La candidata democratica Kamala Harris, in atto vicepresidente di Joe Biden, è una pura invenzione, si dice, di Barack Obama, quando egli si è accorto che lo stesso Biden sarebbe andato incontro a una sicura sconfitta, date le sue precarie condizioni di salute. Cosicché, lo stesso Obama, insieme a Bill Clinton e a Nancy Pelosi, già speaker (presidente) della Camera, si è messo all’opera per tentare di portare la stessa Kamala al seggio presidenziale.

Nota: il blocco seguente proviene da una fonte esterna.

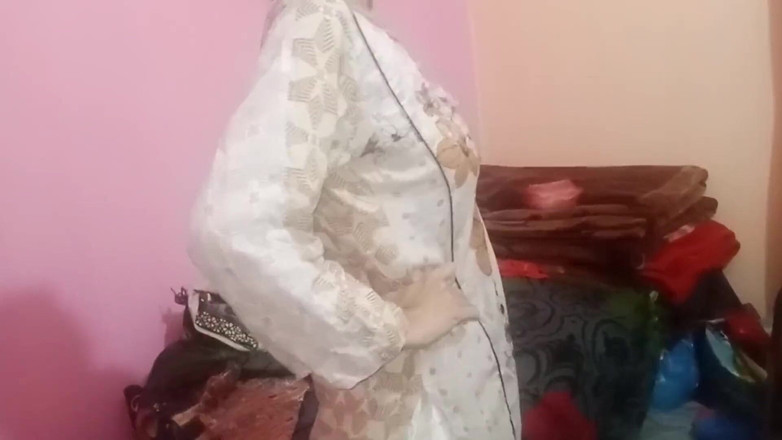 SHAKRATASNEEM: Hermosa chica chupa mi polla tan duro como romance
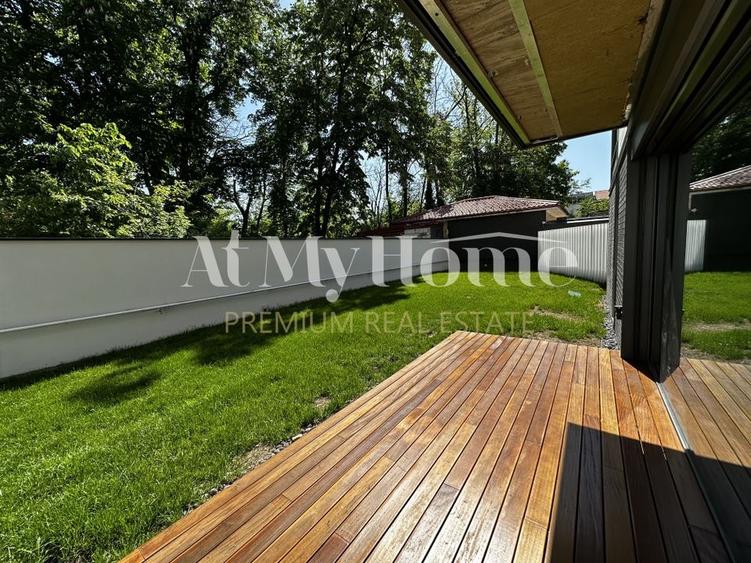 Apartament cu 4 camere decomandat în Kiseleff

Vi è subito da dire che forse per la prima volta viene violata la prassi statunitense secondo la quale il candidato/a debba passare per le primarie, vale a dire per le elezioni di primo livello e questo non è avvenuto, come è noto, perché in quella fase fu nominato candidato Joe Biden.
Tuttavia, la violazione di una prassi non è violazione di legge, per cui la Harris ha tutti i titoli idonei a concorrere alla presidenza degli Stati Uniti.
Non è la prima volta nella lunga storia, che parte dal 1787 – anno di approvazione della Costituzione americana – che vi sono due candidati, ciascuno per il proprio verso, che non sembrano all’altezza della situazione.

Cerchiamo di capire interpretando dei segnali, quale potrebbe essere la linea di Trump e quella di Harris.
Il primo, si sa, è un decisionista, ma ha sul groppone molti processi, per altro rinviati dalla Corte Suprema di quel Paese, ove sei giudici su nove fanno riferimento allo stesso Trump. Se fosse eletto probabilmente tutti i processi andrebbero al macero perché non si può processare il presidente degli Stati Uniti.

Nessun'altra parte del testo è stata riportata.